A reportagem questionou a Secretaria de Segurança Pública de São Paulo sobre o impedimento do acesso de moradores e manifestantes à Favela do Moinho, mas não obteve retorno. O espaço segue aberto.
Entenda a disputa pela Favela do Moinho
Localizada sob o viaduto Engenheiro Orlando Murgel, entre as linhas 7-Rubi e 8-Diamante da CPTM, nos limites dos bairros de Campos Elíseos e Bom Retiro, a Favela do Moinho abrigava pouco mais de 800 famílias. Trata-se da última comunidade no centro da capital paulista.
A área da favela pertence ao governo federal, razão pela qual surgiu o diálogo em torno da cessão do terreno à gestão de de Tarcísio de Freitas, que deseja desocupar o local para transformá-lo em um parque. O projeto faz parte do plano do bolsonarista de mudar a sede do governo estadual do Palácio dos Bandeirantes, no Morumbi, para o Palácio dos Campos Elíseos, próximo à favela.
O governo de São Paulo iniciou em 22 de abril a remoção das 813 famílias alocadas no território. A justificativa é que a área precisa ser desocupada por razões de segurança, incluindo a circulação dos trens.
Para concluir a remoção, a Secretaria de Desenvolvimento Urbano e Habitação ofereceu “opções” aos moradores: Carta de Crédito Individual, Carta de Crédito Associativo, Apoio ao Crédito em parceria com os programas federais e Auxílio-Moradia Provisório de 800 reais, até que os conjuntos habitacionais estejam prontos — alguns estão previstos para o fim de 2027.
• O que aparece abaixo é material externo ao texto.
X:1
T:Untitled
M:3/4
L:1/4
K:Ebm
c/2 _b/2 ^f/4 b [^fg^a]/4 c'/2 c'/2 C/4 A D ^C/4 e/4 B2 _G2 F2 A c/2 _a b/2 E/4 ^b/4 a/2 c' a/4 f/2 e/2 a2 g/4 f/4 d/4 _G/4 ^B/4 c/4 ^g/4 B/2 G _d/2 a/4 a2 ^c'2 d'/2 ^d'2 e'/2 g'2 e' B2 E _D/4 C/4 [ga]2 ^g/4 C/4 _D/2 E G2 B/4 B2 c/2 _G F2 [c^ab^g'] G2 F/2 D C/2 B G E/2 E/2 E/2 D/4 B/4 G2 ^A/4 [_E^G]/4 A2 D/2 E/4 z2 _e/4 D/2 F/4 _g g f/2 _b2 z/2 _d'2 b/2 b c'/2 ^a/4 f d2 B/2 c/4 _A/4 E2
A associação que representa os moradores, porém, considera os valores insuficientes para pagar um aluguel no centro e argumenta que essas pessoas não têm condições de arcar com um financiamento de longo prazo, uma vez que muitas delas vivem do comércio local.
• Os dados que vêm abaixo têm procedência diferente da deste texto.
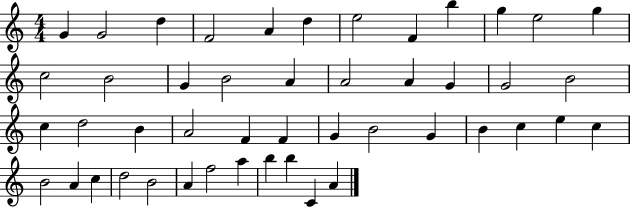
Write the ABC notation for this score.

De acordo com a CDHU, 86% dos moradores aderiram. Muitos se dizem, porém, arrependidos: porque não querem se afastar do centro ou porque temem não conseguir honrar a dívida, a ser quitada ao longo de 30 anos. Outro ponto de contestação é o menor acesso a creches, oportunidades de trabalho e infraestrutura necessária para as famílias nas zonas em que as novas moradias foram 0ferecidas.
Após a repercussão negativa da truculência policial vista na terça-feira 13, o governo Lula (PT) anunciou que paralisará a cessão do terreno. Na ocasião, o Ministério da Gestão e da Inovação em Serviços Públicos, chefiado por Esther Dweck, criticou o modo como o governo Tarcísio conduz a desocupação da área.
“O governo federal não compactua com qualquer uso de força policial contra a população”, diz a pasta. Desde o início da negociação, afirma o MGI, a Secretaria do Patrimônio da União “deixou explícito que a cessão da área estava vinculada à condução de um processo de desocupação negociado com a comunidade e transparente”.